Quel “neppure noi lo abbiamo ancora visto”, bofonchiato dall’assessore leghista Matteo Marnati e riferito sempre al piano sanitario la dice lunga. E pensare che una parte della bozza parrebbe aver pescato non poco in quel dossier che il predecessore di Riboldi, Luigi Icardi ha sempre spiegato fosse lì pronto per diventare ciò che si aspetta da lustri. O forse anche per questo la Lega non si sbraccia a sostenere il fronte meloniano e rintuzzare gli attacchi che arrivano dal Pd e che potrebbero accentuarsi sui territori da parte dei sindaci di sinistra allorquando il piano sarà finalmente noto. Un accentramento nel ridotto meloniano, quello di Riboldi, distante anni luce dal modus operandi di un suo lontano predecessore, stessa parte politica e di fatto autore dell’ultimo piano sanitario. L’allora assessore Antonio D’Ambrosio, missino poi in Alleanza Nazionale, riuscì con un’operazione di diplomazia politica a portare i Ds a non votare contro, smorzando con la loro astensione eventuali tensioni.

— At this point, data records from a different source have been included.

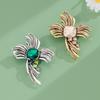 Vintage Cross Glass Rhinestone Brooch for Women Pin Casual Party Accessories Gifts Friends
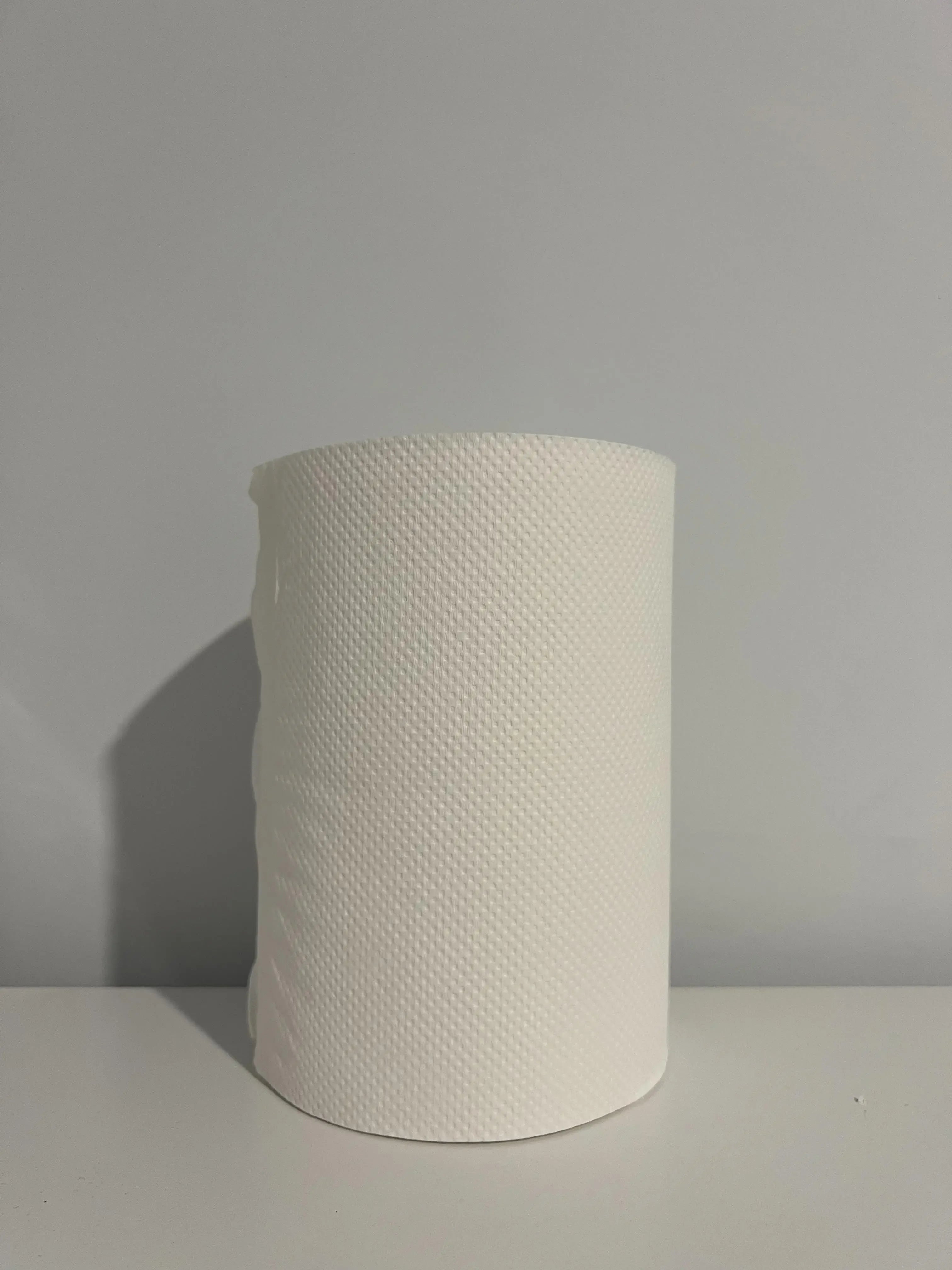 White textured paper towel roll on a plain surface for cleaning or kitchen use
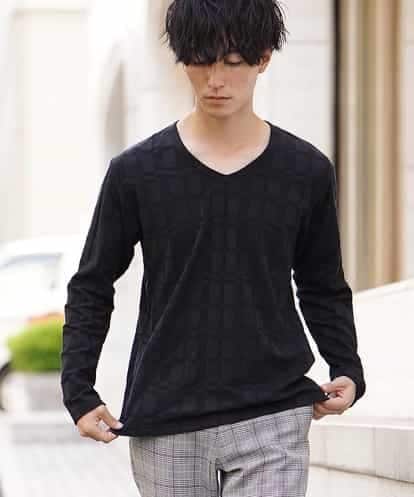 MK MICHEL KLEIN HOMME(MK ミッシェルクランオム) カットソー（ブロックジャガード） ブラック/黒 46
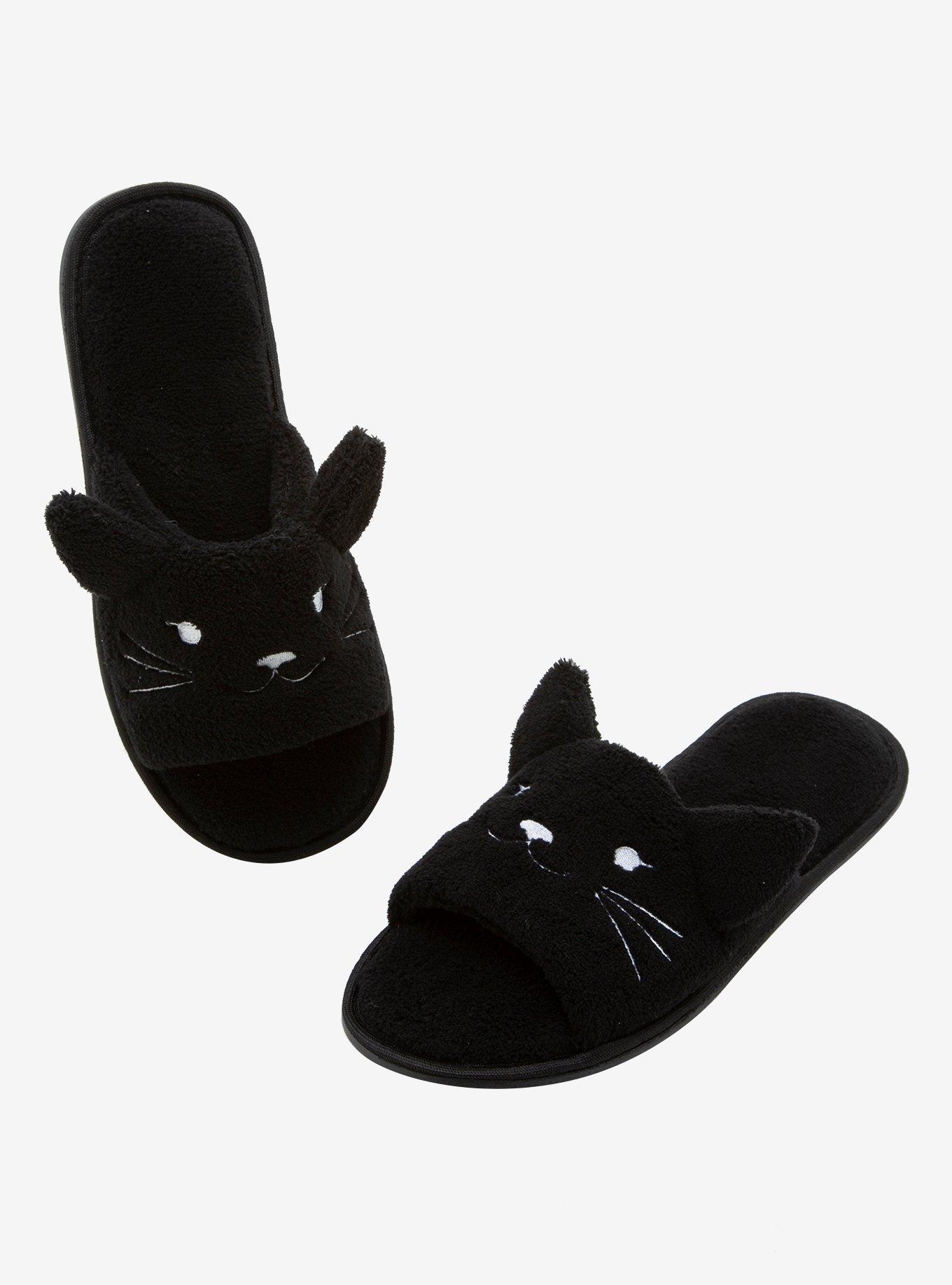 Black Cat Fuzzy Spa Slippers | Hot Topic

Ma non è solo lo scontro politico a segnare l’attesa. Decisamente più preoccupanti sono gli aspetti tecnici e i vincoli con cui, per la prima volta nella storia della sanità piemontese, deve fare i conti lo strumento per la sua programmazione per gli anni a venire. La cornice che definisce e racchiude ciò di cui deve trattare il piano è la legge regionale 18 del 2007, ma è un’altra norma a preoccupare assai di più per gli stretti paletti che impone. Il decreto ministeriale 70 del 2015, più noto con il nome dell’allora ministro della Salute che ne fu l’artefice, Renato Balduzzi, fissa una serie di parametri che, nel caso della loro completa applicazione, porterebbero inevitabilmente a quella “riorganizzazione” della rete ospedaliera, che altro non sarebbe che una serie di tagli.
Già il Piemonte ne aveva subito un bel po’ con la famigerata delibera 1-600 attuata nel corso del piano di rientro, pagandone ancora oggi le conseguenze. Dai Pronto Soccorso alle emodinamiche, passando dai punti nascita ai piccoli ospedali, la mannaia di quella norma di dieci anni fa potrebbe calare pesantemente sul sistema sanitario piemontese. Probabile, quindi, che i tecnici ancora ieri fino a tarda sera alle prese con la bozza, abbiano cercato di realizzare l’ardua impresa di contemperare, un colpo al cerchio e uno alla botte, il rispetto quanto più possibile della legge Balduzzi con la necessità di mantenere tutti i servizi dentro quella stretta cornice.
Va detto che non tenere conto di quella norma, da molti ritenuta eccessivamente restrittiva e non più adeguata alle attuali esigenze, avrebbe tra gli effetti un abbassamento nella valutazione dei Lea, i livelli essenziali di assistenza, con la conseguenza di un taglio di qualcosa come 50 milioni all’anno del fondo sanitario destinato al Piemonte. Più che un piano, insomma, sembra la mappa di un sentiero stretto e disseminato di tagliole. Un terreno su cui muoversi con prudenza e senza enfasi. Le scivolate sono sempre in agguato, tanto più se si marcia al passo dell’oca.